If Boris Johnson had any doubt about how emphatically the Commons would back his Brexit deal, it will have evaporated when veteran Brexiteer Bill Cash unwound himself to his full height to sing the prime minister’s praises.
Describing him as a great classicist, he said Johnson was “like his hero Pericles, the first citizen of his country and, like him, has saved our democracy. Like Alexander the Great, Boris has cut the Gordian knot. Churchill and Margaret Thatcher would have been deeply proud of his achievements, and so are we.”
The DUP’s Sammy Wilson was up next, telling the House that his euphoria about Brexit becoming a reality was “tinged with sadness” because the Northern Ireland protocol created a customs and regulatory border down the Irish Sea. He was confident that the people of Northern Ireland would choose to remain in the United Kingdom rather than join “a small nation which will bob about in the future storms of economic chaos” but his party was voting against the deal.
“That does not mean we have any common cause with the petulant Remainers in this parliament who want to undo the referendum; it is because we are disappointed Brexiteers,” he said.
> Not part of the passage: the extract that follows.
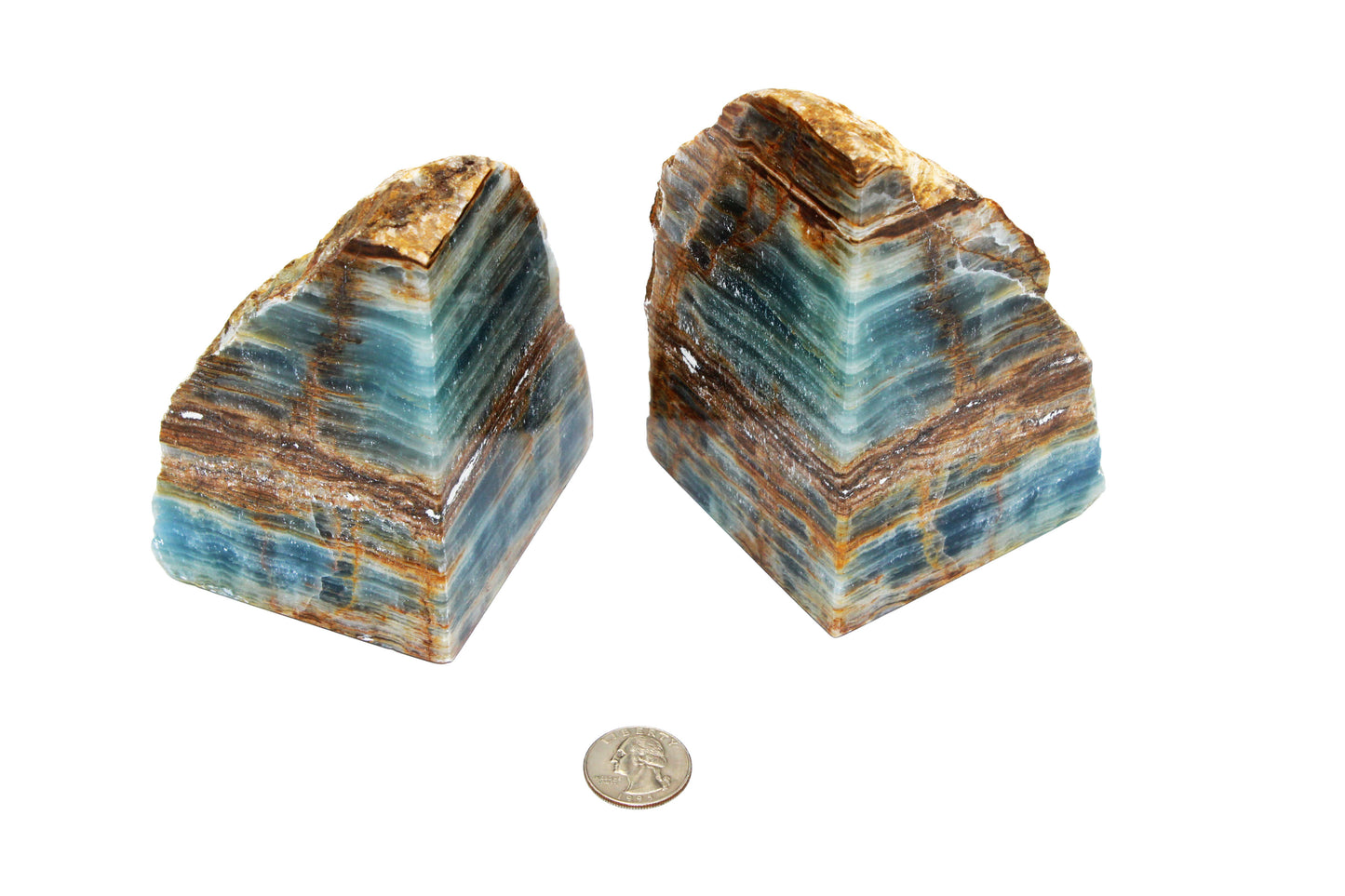 Blue Onyx Bookend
The Brexiteers on the government benches were too busy congratulating Cash and joking among themselves to notice Wilson’s assertion of his party’s loyalty to their cause. It has been like this all the way through the Brexit drama, when the DUP won the balance of power at Westminster, only to make the wrong choice for themselves and their community at every turn.
Drunk on hubris, they rejected Theresa May’s proposal to keep the whole of the UK aligned with some European Union rules rather than leave Northern Ireland under a separate regime. Instead, they plotted with Conservative hardliners to replace her with Johnson and they have been rewarded with one betrayal after another.
Northern Ireland protocol
Only two Conservatives – Owen Paterson and John Redwood – withheld their support for the deal because of the Northern Ireland protocol. And Paterson cited David Trimble’s arguments about how the protocol is being implemented, not the DUP’s.
May’s speech included barbs directed at Keir Starmer and criticism of the agreement’s inadequacies and a reminder to the prime minister that he has signed up to perpetual negotiations with Brussels.
“A whole structure is set up under the treaty. One thing it does not do is to excise the EU from our lives, because a whole structure of committees is set up, some of which, like the partnership council, will be able to amend the arrangement and make determinations on its operation and interpretation without, as far as I can see, any formal reference to this parliament,” she said.